CSU grassland ecologist a collaborator on $10 million agrivoltaics study

solar panels and forage grasses

Solar panels for preliminary research on forage grasses at Jack’s Solar Garden near Longmont.
Provided/Alan Knapp

A Colorado State University grassland ecologist is part of a $10 million project to develop optimal designs for “agrivoltaic” systems – fields with crops and solar panels that work together to maintain crop production, produce renewable energy and increase farm profitability.

The four-year project, funded by the U.S. Department of Agriculture’s National Institute of Food and Agriculture Research, includes among its academic partners Alan Knapp, University Distinguished Professor in CSU’s Department of Biology. Beyond serving on the project’s management team, Knapp will oversee the establishment of experimental agrivoltaic solar arrays in Colorado agroecosystems and will lead studies focused on how forage grasses grow in an agrivoltaic setting.

CSU Extension agronomist Ron Meyer is also a CSU collaborator and will oversee the extension and outreach portions of the project.

The project’s lead institution is University of Illinois Urbana-Champaign, and work will include researchers at University of Arizona, Auburn University, the University of Chicago, and the National Renewable Energy Laboratory.

While solar has become more profitable for land use, concerns have arisen that it could cut into food production. Some counties have now prohibited large-scale photovoltaic arrays from replacing agricultural land.

Alan Knapp
University Distinguished Professor Alan Knapp

In response to such concerns, the researchers’ experimental agrivoltaic arrays will provide critical data on the effects of photovoltaic panels on the environment, including light, temperature, and soil moisture, as well as physiological responses of plants growing under and adjacent to the panels, Knapp said.

“The goal is to collect these data across a range of climates, for multiple crop and forage species, and for different types of agricultural management,” Knapp said. “The latter will include rainfed agriculture in Illinois, dryland agriculture in Colorado, and irrigated agriculture in Arizona.”

These data will be used to design agrivoltaic systems with the optimal panel spacing and orientation necessary to maintain, or even increase, agricultural productivity for different types of crop and forage species in different regions of the country. If agricultural yields can be maintained within these systems, then the generation of renewable energy combined with new revenue for landowners will provide both economic and environmental benefits for Colorado and beyond, Knapp continued.

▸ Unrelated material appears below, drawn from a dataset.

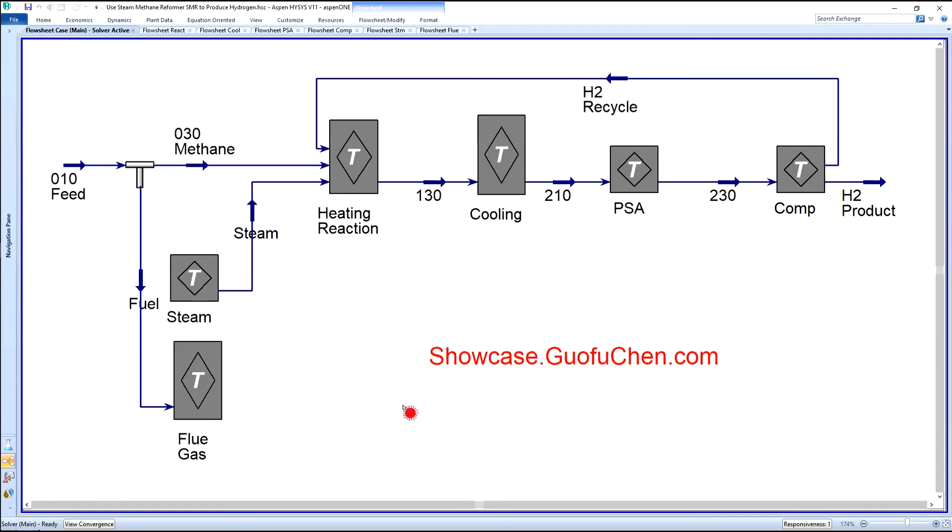This concludes the six modules to produce hydrogen in a steam methane reformer. Thanks for watching this video. It is brought to you by Guofucheng. More interesting topics can be found at showcase.guofucheng.com.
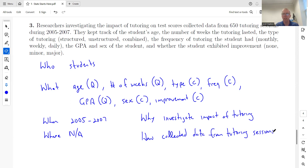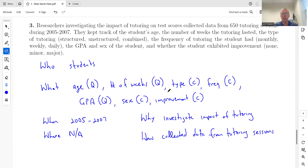So the main things for chapter one: be able to identify the six W's from a paragraph describing a survey or experiment, and be able to identify the different types of variables. This lays a good foundation. Later in the course, how we work problems will depend on whether a variable is quantitative or categorical, so it's very important to know that. Ask questions in the discussion board or email me, and we can set up a meeting to go over any questions you might have.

Said Madhu Khanna, project lead at the University of Illinois Urbana-Champaign: “Our proposed project for Sustainably Co-locating Agricultural and Photovoltaic Electricity Systems (SCAPES) will provide a comprehensive analysis of the transformative potential of agrivoltaics. Our goal is to maintain or even increase crop yield, increase the combined (food and electricity) productivity of land, and diversify and increase farmers’ profits with row crops, forage, and specialty crops across a range of environments.”

More information: sustainability.illinois.edu/research/agrivoltaics-project

The Department of Biology is in the CSU College of Natural Sciences.